Num tempo em que as aparências invadem o espaço público, servindo para nos distrair da essência dos processos políticos, viveu-se verdadeiro frenesim com a divulgação, às pinguinhas, dos membros do novo governo.
À semelhança da agitação que tomou conta dos media de impacto nacional, também por cá os dias têm sido animados por revelações, algumas requentadas outras quase estranhas, que nos levaram à constatação de que cinco secretários de Estado têm ligações com o distrito.
Dito assim, pode parecer que, finalmente, este território e as suas gentes estão a ser tratados como merecem. Só nos longínquos tempos do Estado Novo houve governos que integraram números semelhantes de governantes com ligações ao distrito.
A presença de personalidades como Cavaleiro de Ferreira, Trigo de Negreiros, Sarmento Rodrigues, Águedo de Oliveira e, depois, Gonçalves Rapazote não se traduziu em alterações na condição de subdesenvolvimento que fazia da região um escoadouro de gentes para o litoral, os territórios africanos ou a Europa central nas décadas seguintes. Desde então ficámos a saber que ter gente de cá no governo de Lisboa não torna os tons da nossa tragédia mais suaves.
No tempo democrático poucos bragançanos se têm sentado nas cadeiras governamentais. Depois de passagens efémeras de Alberto Machado e Domingos Jerónimo, foi considerada conquista importante que Armando Vara chegasse a secretário de Estado, com breve subida a ministro, cargo de que caiu com algum fragor, começo de penosa subida ao calvário, para ele e de desilusão para os que esperaram que a sua ascensão significasse outra atenção do poder lisboeta.
Pouco depois chegou a secretário de Estado da saúde Adão Silva, num mandato de pouco mais de dois anos, que se traduziu em obras nalguns centros de saúde e preparação de serviços de proximidade para os utentes, desígnio logo abandonado, reconduzindo aqueles equipamentos à função de centros de despacho para os hospitais das três cidades do eixo da A4, então IP4. 
Uma dúzia de anos depois o distrito viu Jorge Gomes numa secretaria de Estado. Mas os incêndios de 2017 ditaram que fosse arrastado na queda da então ministra da Administração Interna.
No último ano Sobrinho Teixeira, que deu provas à frente do IPB, tem sido secretário de Estado do ensino superior. As novidades para o próximo governo foram confirmadas ontem: outros quatro secretários de Estado, oriundos ou relacionados com o distrito, razão da quase festa que se instalou, com alguns a arriscar que agora é que a nossa sorte vai mudar.

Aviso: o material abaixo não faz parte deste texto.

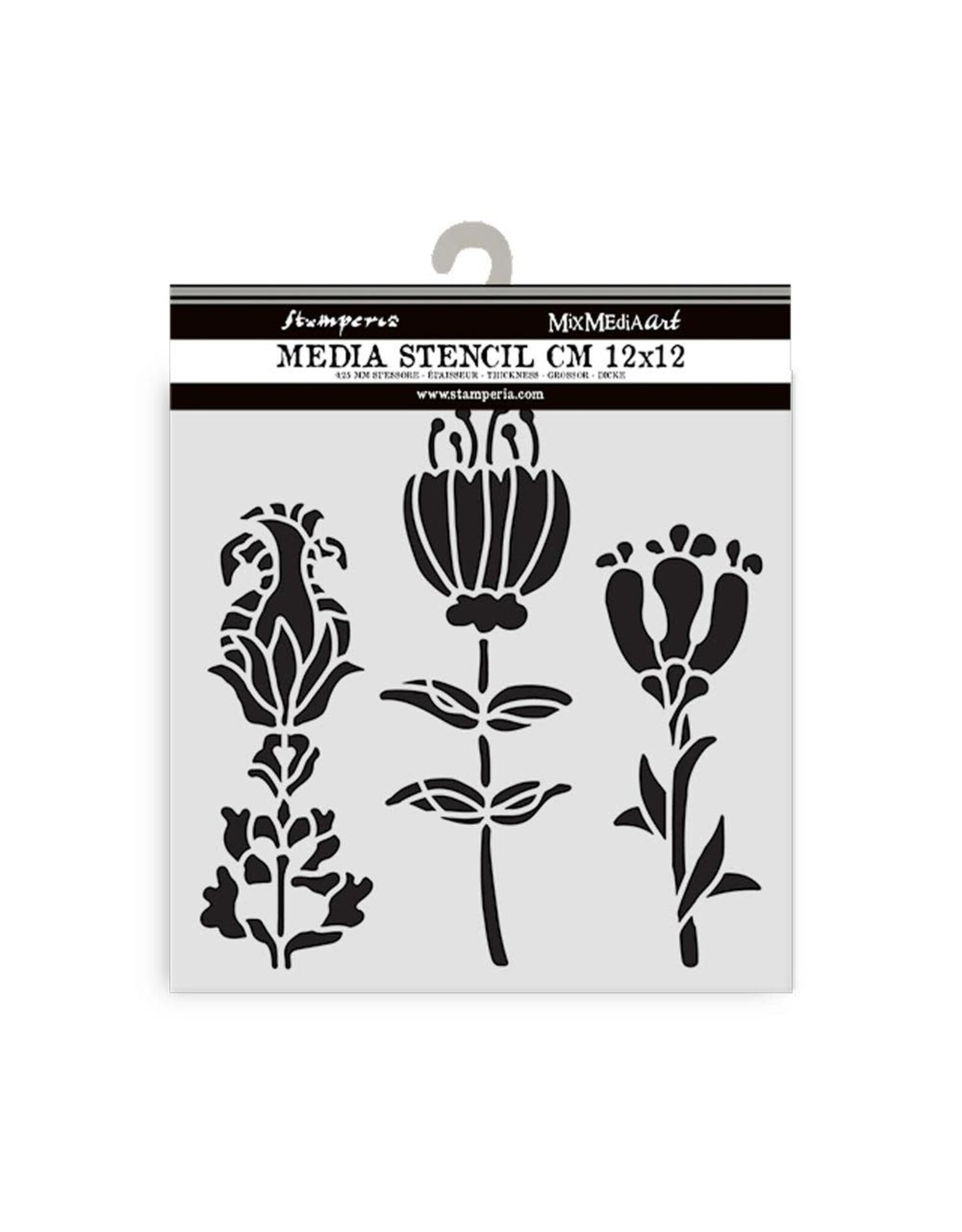 STAMPERIA STAMPERIA FURRY FRIENDS STYLIZED FLOWERS 12x12cm STENCIL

Seria melhor terem contado até dez e respirado fundo, antes dos saltos de júbilo. Na verdade, os membros do governo terão sido escolhidos pelas suas capacidades políticas, competências técnicas e perspectivas estratégicas nacionais. A representação compete aos deputados, que só são três, bem menos que os secretários de Estado.
De qualquer modo, sempre nos consola o reconhecimento de que, apesar de tudo, no interior podem estar personalidades capazes de decisões que dizem respeito a todos os portugueses.